This guy chose CHICKEN over safe sex. He was obviously sent to the supermarket to pick up condoms, and when the display of chicken caught his attention he said fuck it, I'd rather have a couple of kids then miss out on this savory chicken. 

I like to think he held the box of condoms in one hand and the chicken in his other—indecision overwhelming him. I like to think he made a pros and cons list, but there is no way he would've done that because the obvious choice would be the condoms, right? 

Pros for condoms:

No kids

Boom! The list should stop right there. I know deli fried chicken that has been sitting under a heat lamp all day is good, but damn, what if you have kids? Then your whole life is fucked. Don't get me wrong, kids are a wonderful gift, but they sure as hell destroy your life. Kids are great, yeah, I said that already, but when you hear the words "I'm pregnant" you can feel your life violantly implode on itself. Remember those dreams? Lol, bye dreams! Like, I want to be clear: kids are the best gift a person can receive—they make you mature, you change hormonally, and having children gives you the highest sense of personal fulfillment. That said, it's over. No more partying until 4 am; no more dropping acid at festivals; and certainly no more "business ideas" involving the manufacturing of Catassains (Cats with bayonets on their heads. Coming in 2020). But maybe ALL of that wasn't convicing enough. So lets keep going. 

Pros for condoms cont.

No STD's

BOOM! You've made your decision again. This is such an easy ch—well, I don't know. Most STD's are curable if you just throw some pills at that thang. No biggie. So are condoms the best choice here? Let's take a look at the pros and cons for chicken. 

Pros for chicken:

Chicken is delicious and full of nutrition. 
You can use the container after the fact for holding things like: old receipts, marbles, toenails, etc. 
 

Maybe I'm starting to understand this gentleman's logic on this one. Let's look at the cons.

Cons for chicken:

You d—
The bones m—no that's not true.
. . . 

THERE ARE NO CONS FOR CHICKEN!!! There are totally cons for condoms: sex with a condom is depressing, your house smells like latex gloves for two years, they are hard to get on, having sex with a condom eliminates the risk factor thus reducing the passion thus ensuring really bad sex, etc. etc. I could keep going! Most people looked at this picture, laughed and probably assumed this guy was an idiot, but I think we just discovered that this person was and is a genius! 
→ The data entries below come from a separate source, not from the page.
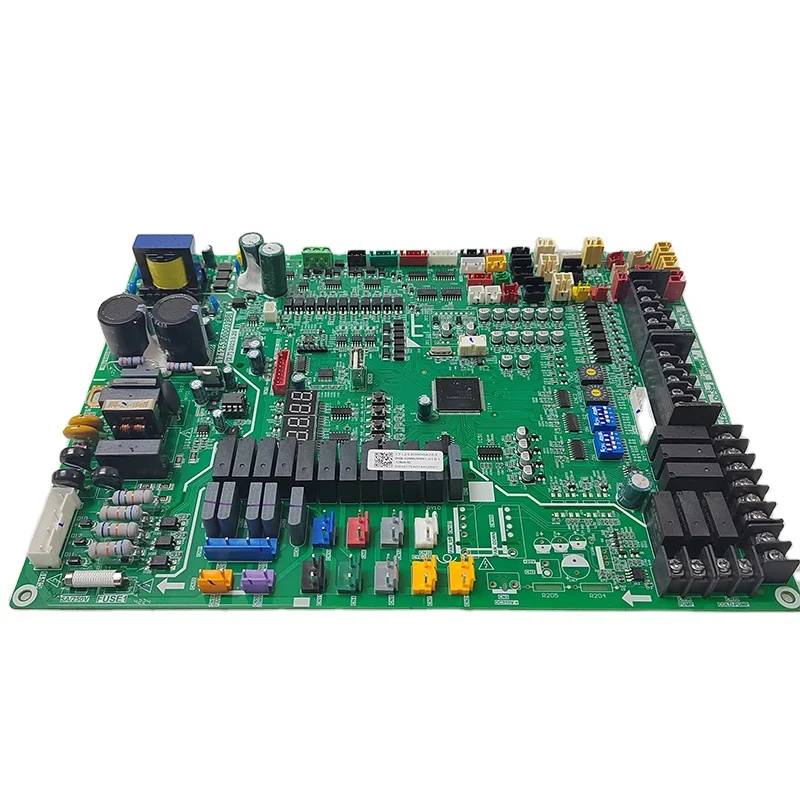 Brand New for Midea air Conditioning Motherboard 17125300003986 Computer Board 17125300004263 DNR-E2000/NSN1.H1.D.1.1.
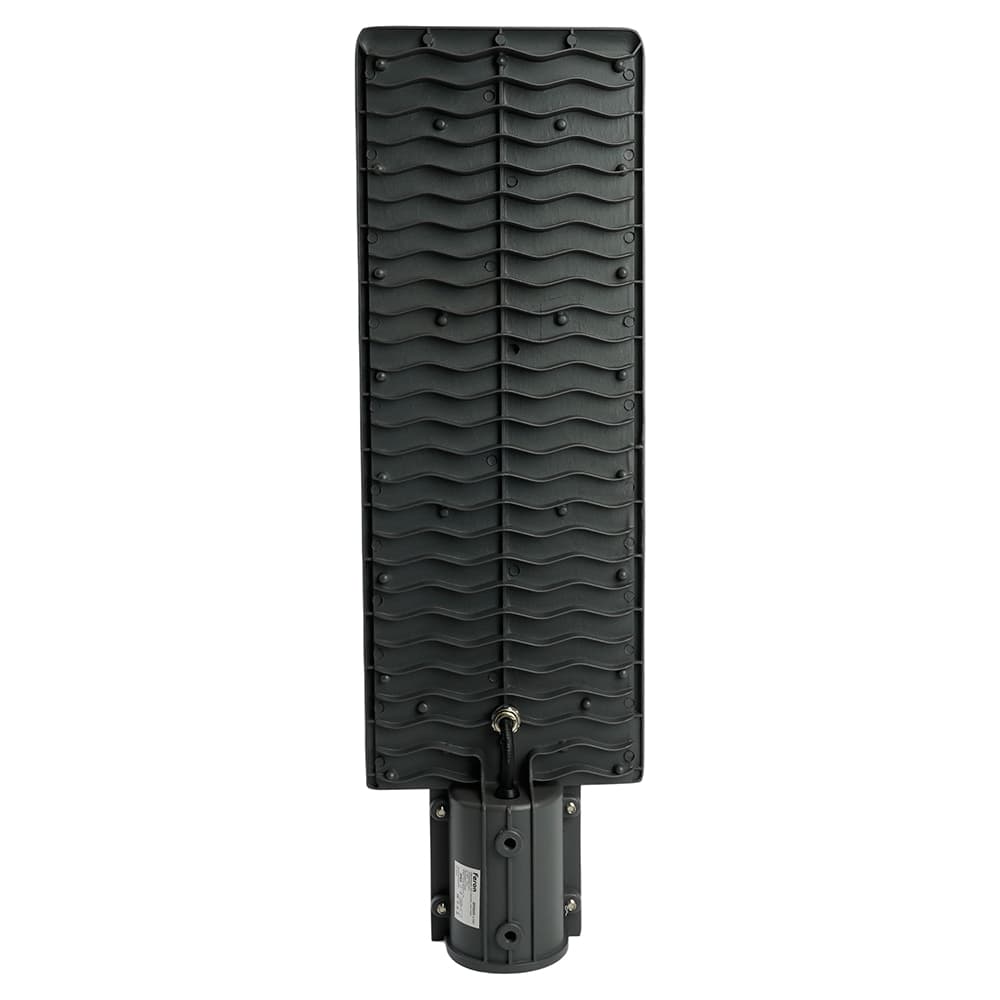 Светодиодный уличный консольный светильник Feron SP3035 120W 6400K 230V, серый
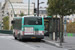 Irisbus Citelis Line n°3049 (883 QTR 75) sur la ligne 97 (PC1 - RATP) à Pont du Garigliano (Paris)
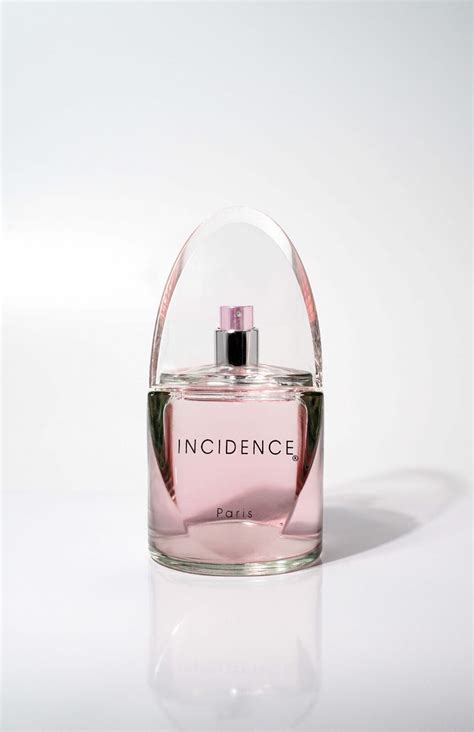 Yves de Sistelle Incidence Eau de Parfum 100ml - Pour Femme - Inaris Beauty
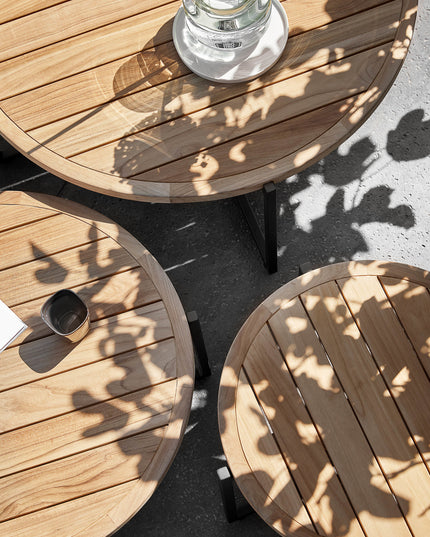 Condor Coffee table 74x38 cm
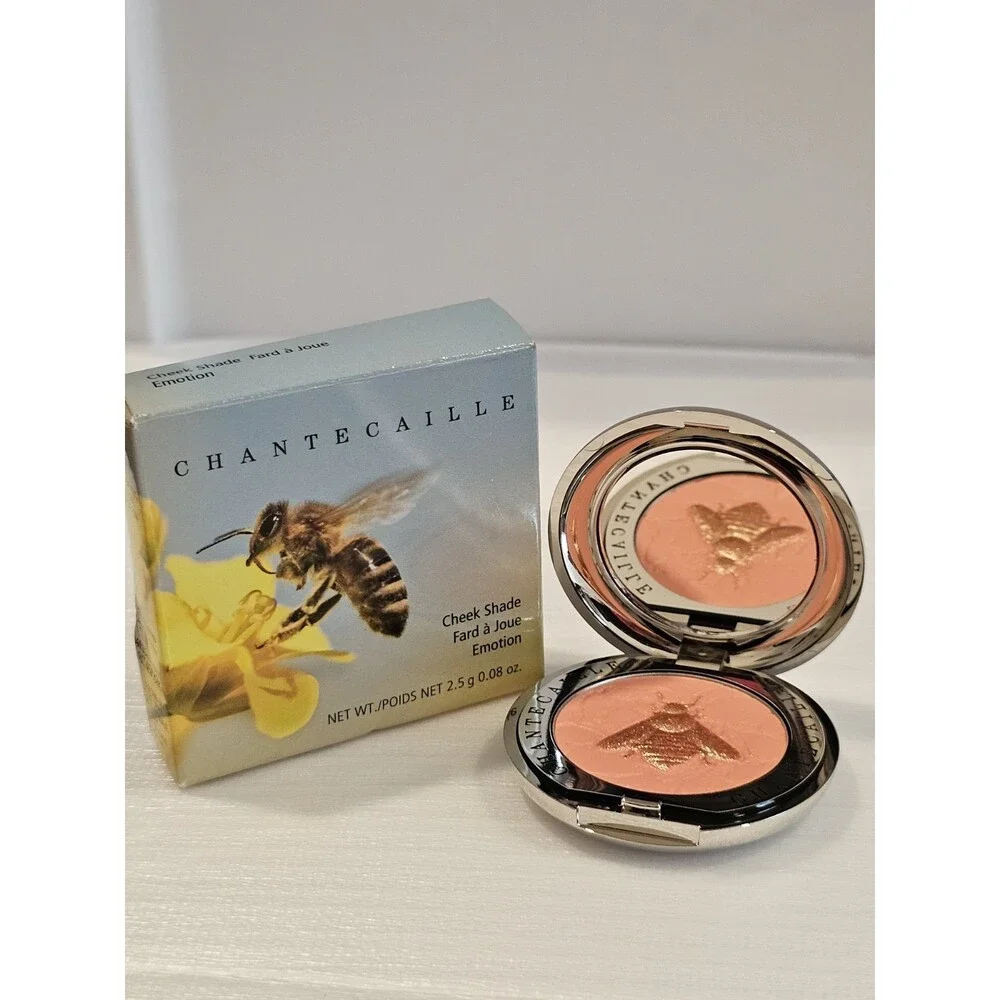 NIB~Chantecaille Philanthropy Cheek Shade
This genius, lets call him "Matt Damon," made the correct choice. He saw a philosophical dilemma before him and using a series of checks and balances made the right decision. Matt Damon probably got home with a steaming container full of chicken, smells filling the room, and presented it to his mate. The aroma of chicken is a well-known aphrodisiac, so your damn right she was still in the mood. After devouring the chicken and nourishing their minds and bodies, a chamber in the woman's brain reignited, and she remembered that she did in fact have a condom in her car. 
They got the chicken.
And some after-chicken sex.
That is what I call a win-win.

What did we learn? If you are ever at the same crossroad: choose chicken. 

(This is starting to sound a lot like the plot of Good Will Hunting.)